Records from a data source:
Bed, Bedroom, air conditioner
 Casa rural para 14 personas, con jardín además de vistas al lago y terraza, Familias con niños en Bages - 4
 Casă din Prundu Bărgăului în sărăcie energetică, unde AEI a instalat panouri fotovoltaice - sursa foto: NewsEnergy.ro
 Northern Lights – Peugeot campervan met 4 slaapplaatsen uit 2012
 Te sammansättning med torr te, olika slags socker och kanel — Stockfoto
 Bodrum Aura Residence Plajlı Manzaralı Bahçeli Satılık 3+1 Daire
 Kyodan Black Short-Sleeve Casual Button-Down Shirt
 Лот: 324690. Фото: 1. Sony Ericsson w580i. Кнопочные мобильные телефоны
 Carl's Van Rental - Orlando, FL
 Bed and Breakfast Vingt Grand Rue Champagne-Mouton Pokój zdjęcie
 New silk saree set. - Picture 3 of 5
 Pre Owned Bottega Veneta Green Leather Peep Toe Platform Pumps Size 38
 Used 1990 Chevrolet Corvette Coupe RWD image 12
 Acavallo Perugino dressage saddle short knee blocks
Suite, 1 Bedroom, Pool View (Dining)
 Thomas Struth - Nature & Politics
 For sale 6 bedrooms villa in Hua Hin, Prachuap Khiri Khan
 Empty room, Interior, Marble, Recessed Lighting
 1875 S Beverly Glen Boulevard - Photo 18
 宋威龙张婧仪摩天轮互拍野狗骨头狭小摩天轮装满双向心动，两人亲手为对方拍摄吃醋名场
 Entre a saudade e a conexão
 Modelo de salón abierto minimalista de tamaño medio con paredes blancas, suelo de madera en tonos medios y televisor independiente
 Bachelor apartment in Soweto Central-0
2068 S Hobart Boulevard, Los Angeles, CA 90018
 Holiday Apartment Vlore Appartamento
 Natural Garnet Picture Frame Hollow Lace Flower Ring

▶ Task details
In how many lines of the records does the word "Picture" appear? Answer with the number only.

▶ Solution to this task
2